◆ WHAT YOU NEED TO DO:
Please, without any pictures, transcribe the lines from the one holding "tweet photo. เมขลางามเช่นนี้" to the end of the listing, both ends included.

◆ ENTRIES SHOWN:
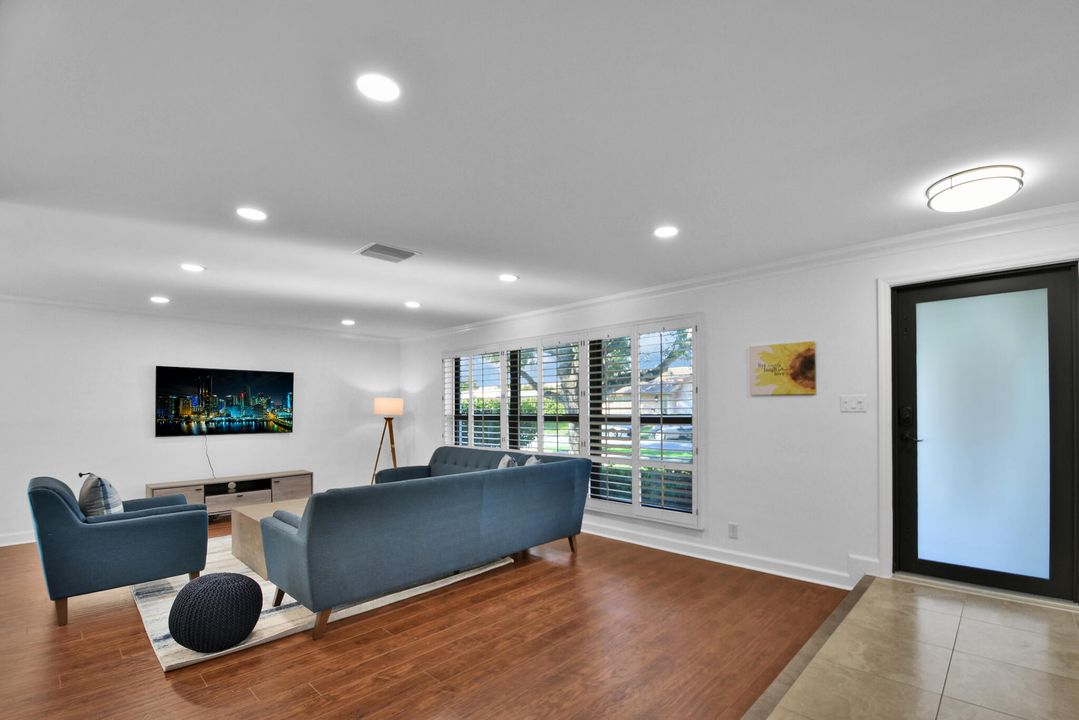 For Sale: $849,000 (4 beds, 3 baths, 1828 Square Feet)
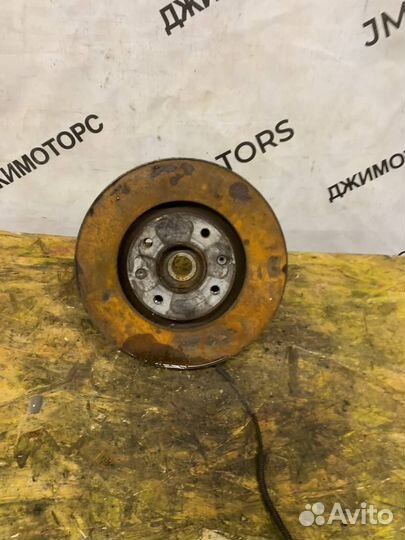 Кулак поворотный ступица правый Citroen C3 A51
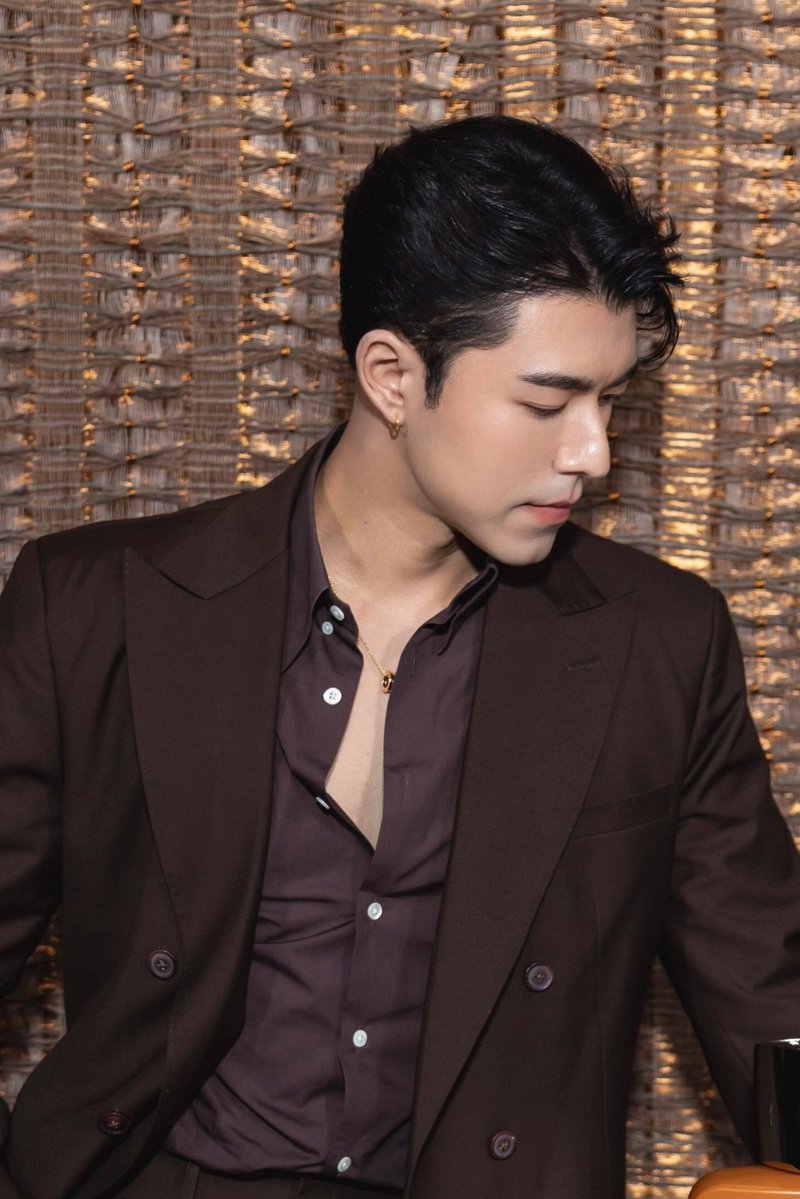 _aishiteru_1's tweet photo. เมขลางามเช่นนี้ มีหรือรามสูรจักหักห้ามใจไว้ได้ https://t.co/5v93pIKHlf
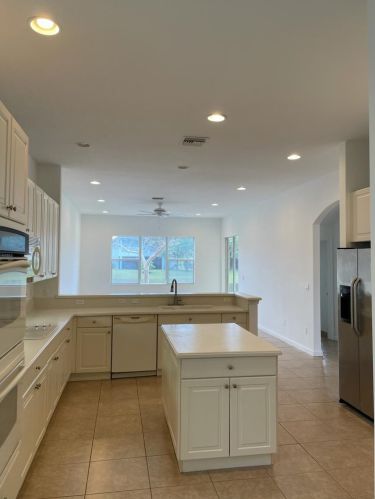 2213 Newport Is Blvd, Fort Pierce FL 34953-4378 exterior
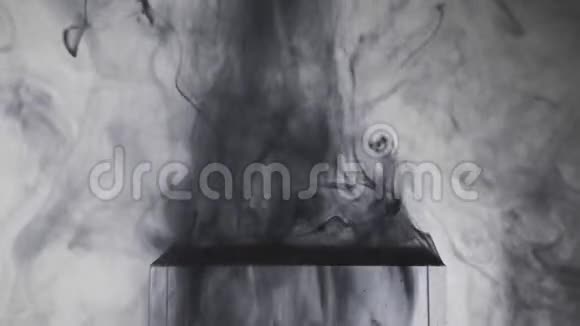 黑烟灰烟气流玻璃立方体视频的预览图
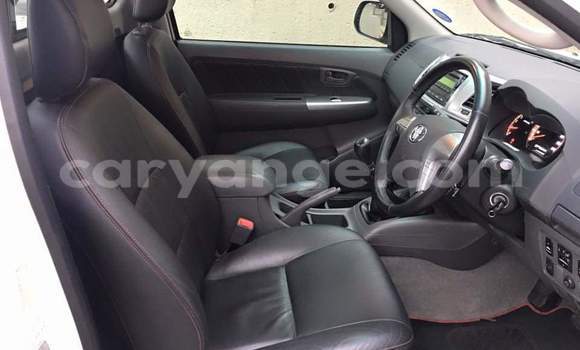 Buy Used Toyota Hilux White Car in Windhoek in Namibia Buy Used Toyota Hilux White Car in Windhoek in Namibia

◆ RESPONSE:
 _aishiteru_1's tweet photo. เมขลางามเช่นนี้ มีหรือรามสูรจักหักห้ามใจไว้ได้ https://t.co/5v93pIKHlf
 2213 Newport Is Blvd, Fort Pierce FL 34953-4378 exterior
 黑烟灰烟气流玻璃立方体视频的预览图
 Buy Used Toyota Hilux White Car in Windhoek in Namibia Buy Used Toyota Hilux White Car in Windhoek in Namibia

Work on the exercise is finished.